§ **Exercise objective**
Word for word, return every record.

§ **Supplied records**
Start of Block
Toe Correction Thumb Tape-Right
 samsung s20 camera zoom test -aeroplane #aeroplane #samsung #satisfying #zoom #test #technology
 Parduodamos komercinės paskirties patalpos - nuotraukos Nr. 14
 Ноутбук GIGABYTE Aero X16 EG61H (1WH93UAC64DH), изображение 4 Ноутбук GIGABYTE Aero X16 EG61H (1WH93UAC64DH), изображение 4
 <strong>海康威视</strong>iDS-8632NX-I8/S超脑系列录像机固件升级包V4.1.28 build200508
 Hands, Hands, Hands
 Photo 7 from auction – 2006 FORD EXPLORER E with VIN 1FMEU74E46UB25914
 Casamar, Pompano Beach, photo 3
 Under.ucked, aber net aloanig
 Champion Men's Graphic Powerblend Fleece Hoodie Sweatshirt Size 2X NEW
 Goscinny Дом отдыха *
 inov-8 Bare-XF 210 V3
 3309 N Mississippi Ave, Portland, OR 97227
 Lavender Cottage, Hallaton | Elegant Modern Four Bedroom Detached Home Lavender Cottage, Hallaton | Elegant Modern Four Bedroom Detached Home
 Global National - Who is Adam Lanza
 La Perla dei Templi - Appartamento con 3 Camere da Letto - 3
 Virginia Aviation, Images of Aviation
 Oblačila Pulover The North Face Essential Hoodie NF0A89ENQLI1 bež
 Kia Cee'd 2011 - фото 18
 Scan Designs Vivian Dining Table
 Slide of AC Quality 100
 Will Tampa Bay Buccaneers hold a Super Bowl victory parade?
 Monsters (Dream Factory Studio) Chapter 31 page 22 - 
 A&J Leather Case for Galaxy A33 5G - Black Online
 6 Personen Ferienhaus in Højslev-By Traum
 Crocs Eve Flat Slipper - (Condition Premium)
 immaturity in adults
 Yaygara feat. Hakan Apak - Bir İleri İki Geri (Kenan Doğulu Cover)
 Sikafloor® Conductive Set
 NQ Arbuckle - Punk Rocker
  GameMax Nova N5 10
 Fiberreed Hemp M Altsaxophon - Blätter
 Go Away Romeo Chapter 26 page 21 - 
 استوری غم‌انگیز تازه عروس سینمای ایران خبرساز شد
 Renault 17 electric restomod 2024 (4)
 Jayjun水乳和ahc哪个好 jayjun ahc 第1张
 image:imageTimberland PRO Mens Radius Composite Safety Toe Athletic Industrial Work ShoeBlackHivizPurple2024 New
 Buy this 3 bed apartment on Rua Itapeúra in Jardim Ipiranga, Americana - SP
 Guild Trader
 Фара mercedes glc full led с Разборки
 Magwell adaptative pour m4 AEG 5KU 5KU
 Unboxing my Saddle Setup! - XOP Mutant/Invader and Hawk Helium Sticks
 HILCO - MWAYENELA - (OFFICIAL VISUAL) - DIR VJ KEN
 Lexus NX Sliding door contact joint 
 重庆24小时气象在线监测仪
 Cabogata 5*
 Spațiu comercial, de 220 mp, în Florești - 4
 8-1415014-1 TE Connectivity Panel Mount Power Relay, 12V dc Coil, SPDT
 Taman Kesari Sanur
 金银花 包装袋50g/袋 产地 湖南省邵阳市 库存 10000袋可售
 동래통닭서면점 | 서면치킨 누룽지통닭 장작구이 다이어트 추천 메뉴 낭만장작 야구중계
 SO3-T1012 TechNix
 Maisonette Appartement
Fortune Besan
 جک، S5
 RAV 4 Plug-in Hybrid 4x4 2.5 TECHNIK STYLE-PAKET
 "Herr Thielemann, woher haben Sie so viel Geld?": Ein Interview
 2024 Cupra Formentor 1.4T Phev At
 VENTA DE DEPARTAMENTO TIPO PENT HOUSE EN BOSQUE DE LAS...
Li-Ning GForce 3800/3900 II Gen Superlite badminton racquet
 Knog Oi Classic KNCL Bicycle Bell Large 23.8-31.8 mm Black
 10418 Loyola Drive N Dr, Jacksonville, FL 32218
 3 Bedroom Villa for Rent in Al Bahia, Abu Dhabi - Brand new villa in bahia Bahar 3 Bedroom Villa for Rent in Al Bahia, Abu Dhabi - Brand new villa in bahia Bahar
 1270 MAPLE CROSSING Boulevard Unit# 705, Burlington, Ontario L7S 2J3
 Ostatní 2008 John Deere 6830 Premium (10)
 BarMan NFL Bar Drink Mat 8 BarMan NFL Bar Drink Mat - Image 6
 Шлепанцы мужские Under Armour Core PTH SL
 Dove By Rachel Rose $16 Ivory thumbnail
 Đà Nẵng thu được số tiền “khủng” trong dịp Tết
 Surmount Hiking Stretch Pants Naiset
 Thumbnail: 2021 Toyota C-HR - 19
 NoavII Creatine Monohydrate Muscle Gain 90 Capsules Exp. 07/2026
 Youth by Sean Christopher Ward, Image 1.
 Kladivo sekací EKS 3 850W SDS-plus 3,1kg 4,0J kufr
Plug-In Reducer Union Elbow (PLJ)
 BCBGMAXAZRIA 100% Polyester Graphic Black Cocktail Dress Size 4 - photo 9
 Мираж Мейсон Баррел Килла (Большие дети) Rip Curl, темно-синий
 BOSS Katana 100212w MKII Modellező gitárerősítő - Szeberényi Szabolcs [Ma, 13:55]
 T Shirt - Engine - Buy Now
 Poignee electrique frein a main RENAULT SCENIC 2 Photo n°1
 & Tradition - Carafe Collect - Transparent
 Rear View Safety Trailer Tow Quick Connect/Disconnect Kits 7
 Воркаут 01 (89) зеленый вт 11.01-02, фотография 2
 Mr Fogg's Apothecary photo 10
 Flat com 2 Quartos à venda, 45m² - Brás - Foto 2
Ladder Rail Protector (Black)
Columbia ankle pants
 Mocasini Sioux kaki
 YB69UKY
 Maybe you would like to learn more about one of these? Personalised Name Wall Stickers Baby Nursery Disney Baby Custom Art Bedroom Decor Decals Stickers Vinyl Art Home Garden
End of Block
§ **Task output**
Toe Correction Thumb Tape-Right
 samsung s20 camera zoom test -aeroplane #aeroplane #samsung #satisfying #zoom #test #technology
 Parduodamos komercinės paskirties patalpos - nuotraukos Nr. 14
 Ноутбук GIGABYTE Aero X16 EG61H (1WH93UAC64DH), изображение 4 Ноутбук GIGABYTE Aero X16 EG61H (1WH93UAC64DH), изображение 4
 <strong>海康威视</strong>iDS-8632NX-I8/S超脑系列录像机固件升级包V4.1.28 build200508
 Hands, Hands, Hands
 Photo 7 from auction – 2006 FORD EXPLORER E with VIN 1FMEU74E46UB25914
 Casamar, Pompano Beach, photo 3
 Under.ucked, aber net aloanig
 Champion Men's Graphic Powerblend Fleece Hoodie Sweatshirt Size 2X NEW
 Goscinny Дом отдыха *
 inov-8 Bare-XF 210 V3
 3309 N Mississippi Ave, Portland, OR 97227
 Lavender Cottage, Hallaton | Elegant Modern Four Bedroom Detached Home Lavender Cottage, Hallaton | Elegant Modern Four Bedroom Detached Home
 Global National - Who is Adam Lanza
 La Perla dei Templi - Appartamento con 3 Camere da Letto - 3
 Virginia Aviation, Images of Aviation
 Oblačila Pulover The North Face Essential Hoodie NF0A89ENQLI1 bež
 Kia Cee'd 2011 - фото 18
 Scan Designs Vivian Dining Table
 Slide of AC Quality 100
 Will Tampa Bay Buccaneers hold a Super Bowl victory parade?
 Monsters (Dream Factory Studio) Chapter 31 page 22 - 
 A&J Leather Case for Galaxy A33 5G - Black Online
 6 Personen Ferienhaus in Højslev-By Traum
 Crocs Eve Flat Slipper - (Condition Premium)
 immaturity in adults
 Yaygara feat. Hakan Apak - Bir İleri İki Geri (Kenan Doğulu Cover)
 Sikafloor® Conductive Set
 NQ Arbuckle - Punk Rocker
  GameMax Nova N5 10
 Fiberreed Hemp M Altsaxophon - Blätter
 Go Away Romeo Chapter 26 page 21 - 
 استوری غم‌انگیز تازه عروس سینمای ایران خبرساز شد
 Renault 17 electric restomod 2024 (4)
 Jayjun水乳和ahc哪个好 jayjun ahc 第1张
 image:imageTimberland PRO Mens Radius Composite Safety Toe Athletic Industrial Work ShoeBlackHivizPurple2024 New
 Buy this 3 bed apartment on Rua Itapeúra in Jardim Ipiranga, Americana - SP
 Guild Trader
 Фара mercedes glc full led с Разборки
 Magwell adaptative pour m4 AEG 5KU 5KU
 Unboxing my Saddle Setup! - XOP Mutant/Invader and Hawk Helium Sticks
 HILCO - MWAYENELA - (OFFICIAL VISUAL) - DIR VJ KEN
 Lexus NX Sliding door contact joint 
 重庆24小时气象在线监测仪
 Cabogata 5*
 Spațiu comercial, de 220 mp, în Florești - 4
 8-1415014-1 TE Connectivity Panel Mount Power Relay, 12V dc Coil, SPDT
 Taman Kesari Sanur
 金银花 包装袋50g/袋 产地 湖南省邵阳市 库存 10000袋可售
 동래통닭서면점 | 서면치킨 누룽지통닭 장작구이 다이어트 추천 메뉴 낭만장작 야구중계
 SO3-T1012 TechNix
 Maisonette Appartement
Fortune Besan
 جک، S5
 RAV 4 Plug-in Hybrid 4x4 2.5 TECHNIK STYLE-PAKET
 "Herr Thielemann, woher haben Sie so viel Geld?": Ein Interview
 2024 Cupra Formentor 1.4T Phev At
 VENTA DE DEPARTAMENTO TIPO PENT HOUSE EN BOSQUE DE LAS...
Li-Ning GForce 3800/3900 II Gen Superlite badminton racquet
 Knog Oi Classic KNCL Bicycle Bell Large 23.8-31.8 mm Black
 10418 Loyola Drive N Dr, Jacksonville, FL 32218
 3 Bedroom Villa for Rent in Al Bahia, Abu Dhabi - Brand new villa in bahia Bahar 3 Bedroom Villa for Rent in Al Bahia, Abu Dhabi - Brand new villa in bahia Bahar
 1270 MAPLE CROSSING Boulevard Unit# 705, Burlington, Ontario L7S 2J3
 Ostatní 2008 John Deere 6830 Premium (10)
 BarMan NFL Bar Drink Mat 8 BarMan NFL Bar Drink Mat - Image 6
 Шлепанцы мужские Under Armour Core PTH SL
 Dove By Rachel Rose $16 Ivory thumbnail
 Đà Nẵng thu được số tiền “khủng” trong dịp Tết
 Surmount Hiking Stretch Pants Naiset
 Thumbnail: 2021 Toyota C-HR - 19
 NoavII Creatine Monohydrate Muscle Gain 90 Capsules Exp. 07/2026
 Youth by Sean Christopher Ward, Image 1.
 Kladivo sekací EKS 3 850W SDS-plus 3,1kg 4,0J kufr
Plug-In Reducer Union Elbow (PLJ)
 BCBGMAXAZRIA 100% Polyester Graphic Black Cocktail Dress Size 4 - photo 9
 Мираж Мейсон Баррел Килла (Большие дети) Rip Curl, темно-синий
 BOSS Katana 100212w MKII Modellező gitárerősítő - Szeberényi Szabolcs [Ma, 13:55]
 T Shirt - Engine - Buy Now
 Poignee electrique frein a main RENAULT SCENIC 2 Photo n°1
 & Tradition - Carafe Collect - Transparent
 Rear View Safety Trailer Tow Quick Connect/Disconnect Kits 7
 Воркаут 01 (89) зеленый вт 11.01-02, фотография 2
 Mr Fogg's Apothecary photo 10
 Flat com 2 Quartos à venda, 45m² - Brás - Foto 2
Ladder Rail Protector (Black)
Columbia ankle pants
 Mocasini Sioux kaki
 YB69UKY
 Maybe you would like to learn more about one of these? Personalised Name Wall Stickers Baby Nursery Disney Baby Custom Art Bedroom Decor Decals Stickers Vinyl Art Home Garden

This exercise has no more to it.